# [The task]
Print, from the listing below, the lines starting at the line containing "NOX Hummer Nexus" and ending at the line containing "Mrs Est. 2024", exactly as they stand, and print nothing else.

*** Task input ***

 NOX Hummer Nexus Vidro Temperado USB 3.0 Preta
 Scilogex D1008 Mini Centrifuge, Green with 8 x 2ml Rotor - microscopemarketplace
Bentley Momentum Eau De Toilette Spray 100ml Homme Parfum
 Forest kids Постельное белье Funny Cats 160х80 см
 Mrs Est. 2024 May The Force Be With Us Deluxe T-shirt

*** End of Task input ***
*** Task input ***

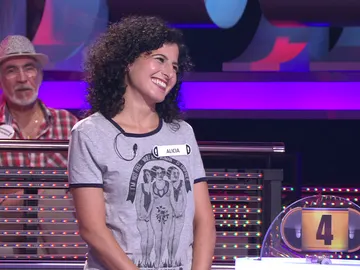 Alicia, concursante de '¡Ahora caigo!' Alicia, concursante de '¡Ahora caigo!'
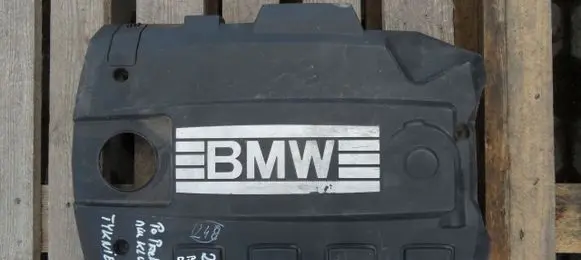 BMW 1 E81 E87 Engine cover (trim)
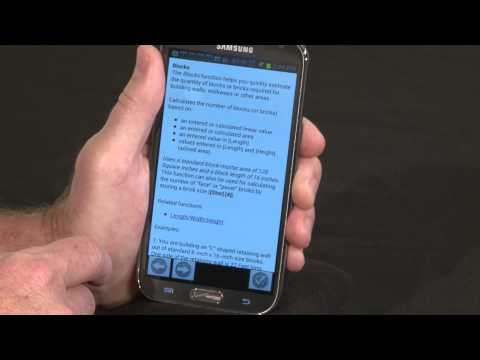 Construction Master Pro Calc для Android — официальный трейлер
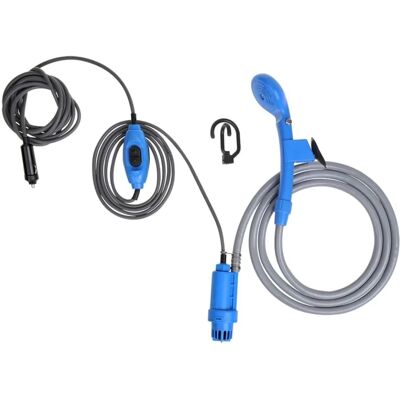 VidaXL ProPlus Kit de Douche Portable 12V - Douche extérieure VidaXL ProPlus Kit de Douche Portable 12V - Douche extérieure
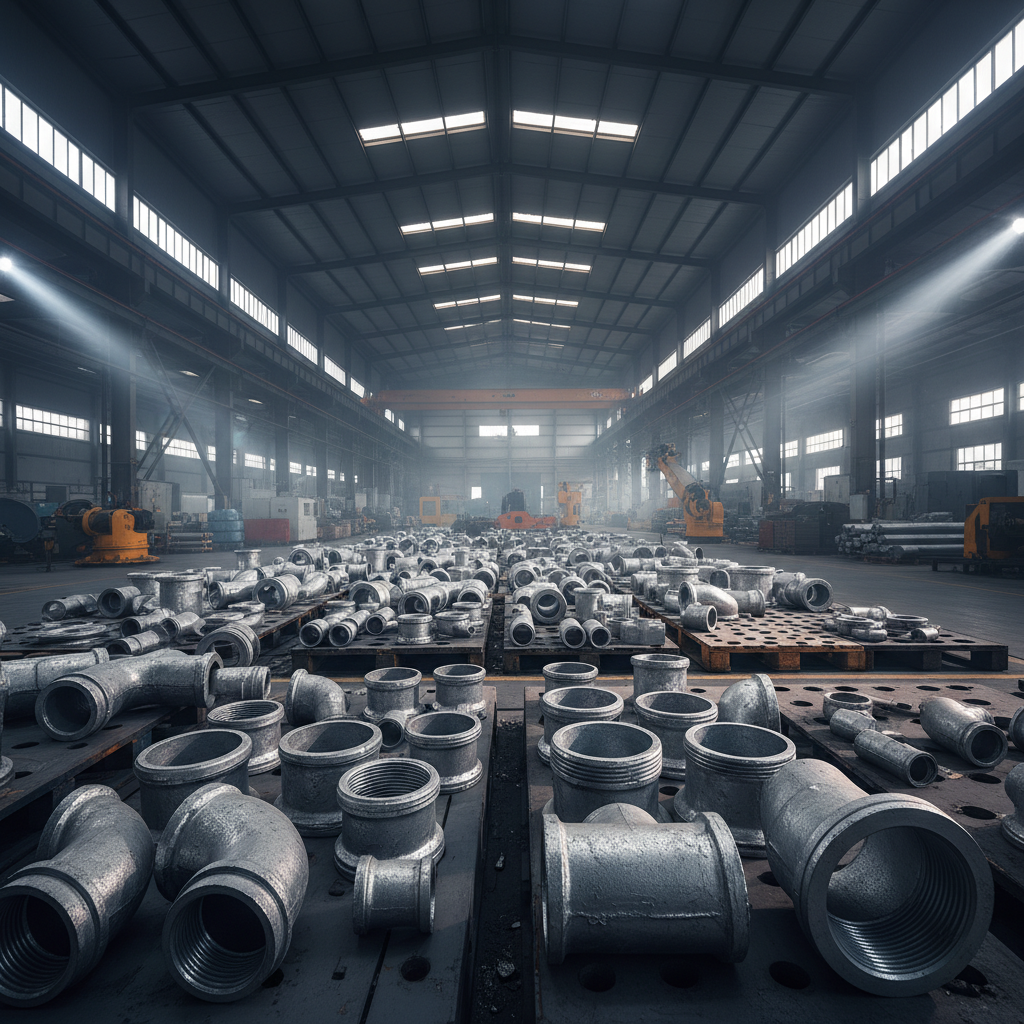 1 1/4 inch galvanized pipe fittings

*** End of Task input ***
*** Task input ***

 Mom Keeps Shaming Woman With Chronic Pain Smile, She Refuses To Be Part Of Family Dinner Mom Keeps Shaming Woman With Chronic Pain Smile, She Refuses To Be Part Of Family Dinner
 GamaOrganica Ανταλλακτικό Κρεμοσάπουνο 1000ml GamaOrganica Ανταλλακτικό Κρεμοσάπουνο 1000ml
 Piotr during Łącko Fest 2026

*** End of Task input ***

# [Output of the exercise]
 NOX Hummer Nexus Vidro Temperado USB 3.0 Preta
 Scilogex D1008 Mini Centrifuge, Green with 8 x 2ml Rotor - microscopemarketplace
Bentley Momentum Eau De Toilette Spray 100ml Homme Parfum
 Forest kids Постельное белье Funny Cats 160х80 см
 Mrs Est. 2024 May The Force Be With Us Deluxe T-shirt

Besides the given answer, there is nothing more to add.